Japanese Study Proved Streaming Promotes SalesAdded: Friday, February 11th, 2011
Category: Bit Torrent Freedom > The Right To Share
Tags:ET, p2p, Torrent, Piracy, Peer To Peer, Network, Hackers, Internet, BitTorrent, Google, utorrent, bitcomet, extratorrent, 2010, www.extrattorrent.com
There have been lots of debates over the statistics related to illegal file-sharing and its impact on the industry, but the basic questions about the issue usually have nothing to do with what has happened, but rather with what might have happened. This means that the real question is how many and which purchases didn’t happen due to the existence of free alternatives, and how much would the industry lose if the pirate networks hadn’t made sharing that easy.

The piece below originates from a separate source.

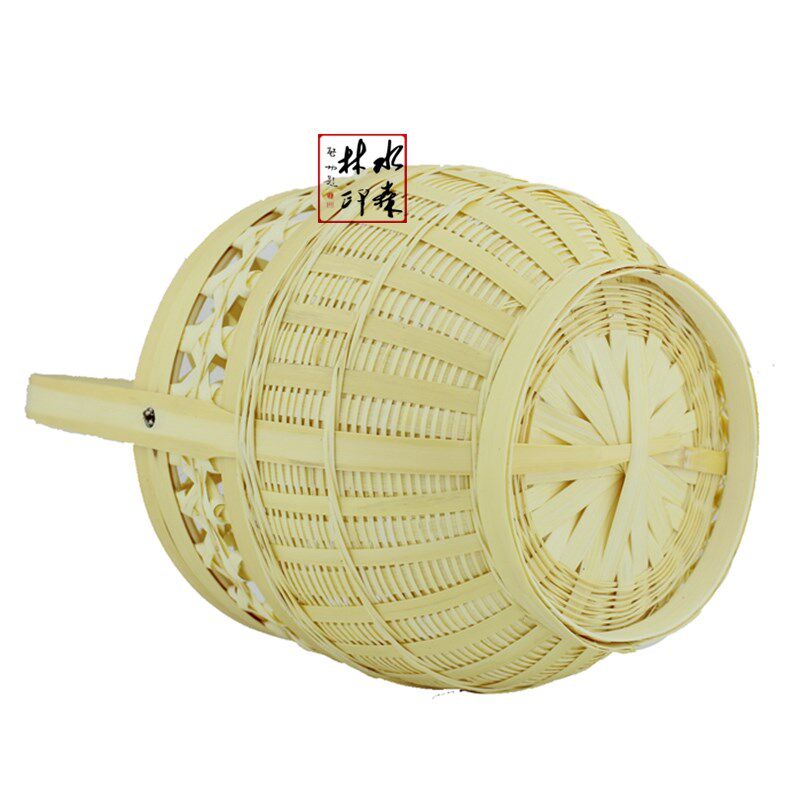竹编制品收纳f筐购物篮提篮果篮竹制品竹篮提蓝提篼跳舞篮子纯手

Nonetheless, these questions will never be answered with full confidence.
However, the researchers go on conducting new studies of the issue, including investigation of its potential effects. The most recent study has been conducted in Japan over the Japanese TV animation programs. The researchers from The Research Institute of Economy, Trade and Industry in Tokyo has examined what effect the streaming of programs on YouTube and its Japanese fellow called Winny had on sales and rentals of the content, and finally came to some tentative conclusions.
The results of the study that involved 105 anime episodes revealed that Youtube viewing had no negative effect on DVD rentals, while even having a positive effect on sales on the first place. As for file-sharing, it did have negative effect on DVD rentals, but never affected DVD sales. In other words, online streaming is proved to be a promotion tool for DVD sales.

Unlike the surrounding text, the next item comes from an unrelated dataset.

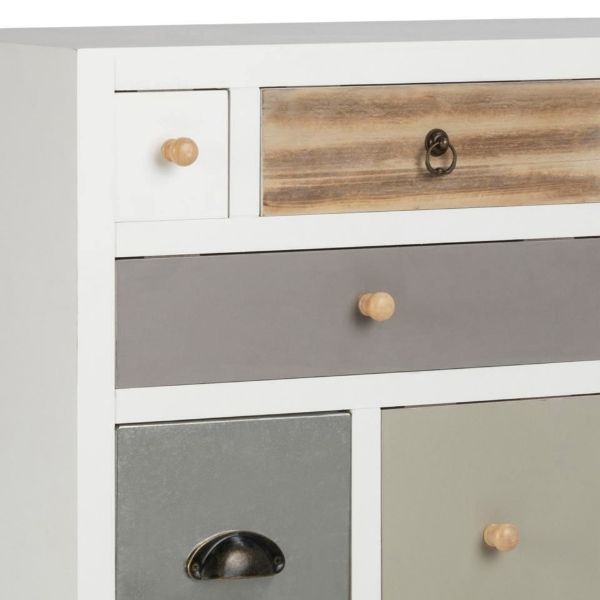 Comoda cu 13 sertare multicolor Thais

The results of the research could be a clear statement in favor of developing distribution channels to get rid of prosecuting file-sharers, but as it usually happens with any study related to piracy, there were too many other questions to be so sure. First of all, we can’t know if the trend seen in the case of anime is true to other industries. It’s unknown whether the anime fans act in a same way as general TV and movie fans. Similarly, we don’t know if Japanese fans act just like American or European ones. The study also doesn’t specify whether it refers to specific kinds of anime only or could be applied to animation in general. The main question of how this kind of illegal downloading affects music and movies also doesn’t have a direct answer.
Actually, it seems like regardless of how rigorous and scientific any study related to piracy may be, the entertainment industry will always get far more questions ready instead of changing its outdated business model right away.